2. So as to provide context, the background of this case is that the Appellant was an employee of the 1st Respondent at its Thika branch. That on 19th May, 2013, the 1st Respondent maliciously and without reasonable cause laid claim to KICC Police Station, the 2nd Respondent herein against the Appellant for the offence of stealing by servant contrary to Section 281 of the Penal Code whereby it was alleged that he had stolen Kshs 1,000,000/=, being the property of the 1st Respondent.
3. The Appellant was arrested and charged with the offence in Thika law courts on 3rd June, 2013 which was prosecuted until 31st October, 2018 when the Appellant was acquitted under Section 215 of the Criminal Procedure Code after the court made a finding that there was no sufficient cause to justify a conviction.
4. In the claim before the trial court, the Appellant blamed the Respondents for malicious prosecution , being wrongly imprisoned, being humiliated, loss of his employment, damage to his reputation and character, mental anguish and pain as well as expenses used in legal fees to defend himself.

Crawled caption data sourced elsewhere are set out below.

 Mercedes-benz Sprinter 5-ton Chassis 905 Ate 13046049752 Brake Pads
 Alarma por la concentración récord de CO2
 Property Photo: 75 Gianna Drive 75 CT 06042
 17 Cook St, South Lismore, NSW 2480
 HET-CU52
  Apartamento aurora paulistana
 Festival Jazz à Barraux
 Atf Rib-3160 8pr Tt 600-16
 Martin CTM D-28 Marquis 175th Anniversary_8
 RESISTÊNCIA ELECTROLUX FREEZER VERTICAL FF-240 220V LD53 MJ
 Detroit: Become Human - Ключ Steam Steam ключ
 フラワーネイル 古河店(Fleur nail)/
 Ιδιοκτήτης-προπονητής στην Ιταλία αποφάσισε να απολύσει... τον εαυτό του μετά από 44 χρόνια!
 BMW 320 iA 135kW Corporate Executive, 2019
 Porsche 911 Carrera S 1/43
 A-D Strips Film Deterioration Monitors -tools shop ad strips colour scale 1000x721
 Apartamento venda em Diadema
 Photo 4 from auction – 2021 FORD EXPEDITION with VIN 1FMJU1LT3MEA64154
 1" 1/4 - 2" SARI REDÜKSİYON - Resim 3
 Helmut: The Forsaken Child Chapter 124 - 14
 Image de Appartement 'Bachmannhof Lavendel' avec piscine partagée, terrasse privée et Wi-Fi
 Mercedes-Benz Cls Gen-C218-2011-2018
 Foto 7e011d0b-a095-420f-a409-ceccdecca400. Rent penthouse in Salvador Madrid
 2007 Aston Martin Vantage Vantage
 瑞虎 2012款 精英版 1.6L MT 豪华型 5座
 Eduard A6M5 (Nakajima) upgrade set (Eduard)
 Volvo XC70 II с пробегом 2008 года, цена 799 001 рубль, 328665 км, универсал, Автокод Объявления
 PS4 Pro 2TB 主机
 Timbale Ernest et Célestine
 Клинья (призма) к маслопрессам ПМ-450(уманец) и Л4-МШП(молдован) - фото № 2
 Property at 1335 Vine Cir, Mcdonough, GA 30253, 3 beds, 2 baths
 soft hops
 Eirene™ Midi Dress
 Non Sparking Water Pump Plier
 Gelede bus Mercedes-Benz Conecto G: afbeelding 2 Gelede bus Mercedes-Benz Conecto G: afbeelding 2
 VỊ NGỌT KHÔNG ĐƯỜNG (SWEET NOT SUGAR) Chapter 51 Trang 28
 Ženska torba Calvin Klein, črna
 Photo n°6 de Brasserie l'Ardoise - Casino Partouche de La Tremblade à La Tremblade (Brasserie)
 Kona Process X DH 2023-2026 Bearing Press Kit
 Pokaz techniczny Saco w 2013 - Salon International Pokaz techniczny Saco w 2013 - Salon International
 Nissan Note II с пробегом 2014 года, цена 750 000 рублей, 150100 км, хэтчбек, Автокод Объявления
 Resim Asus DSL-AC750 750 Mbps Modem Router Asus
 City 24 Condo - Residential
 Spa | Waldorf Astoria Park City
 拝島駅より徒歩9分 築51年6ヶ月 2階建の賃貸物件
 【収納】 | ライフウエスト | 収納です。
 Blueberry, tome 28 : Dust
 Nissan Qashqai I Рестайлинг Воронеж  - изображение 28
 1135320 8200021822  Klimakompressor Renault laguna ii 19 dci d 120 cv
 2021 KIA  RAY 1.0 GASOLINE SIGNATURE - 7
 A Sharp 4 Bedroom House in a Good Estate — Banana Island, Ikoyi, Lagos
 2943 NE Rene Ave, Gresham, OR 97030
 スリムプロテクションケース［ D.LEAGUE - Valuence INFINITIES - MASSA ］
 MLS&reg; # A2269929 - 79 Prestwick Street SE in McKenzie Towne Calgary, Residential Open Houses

In the end, the Appellant sought the following orders:a.General damages for illegal arrest and false imprisonment.b.Exemplary damages for illegal arrest and imprisonment.c.General damages for malicious prosecution and loss of earning ability.d.Exemplary damages for malicious prosecution.e.General damages for loss of employment and breach of the Plaintiff’s right to fair hearing and presumption of innocence.f.Special damages as pleaded.g.Costs of the suit and interest thereon at court rates from the date of judgment.h.Such other , further relief as this honourable court may deem fit and just to grant.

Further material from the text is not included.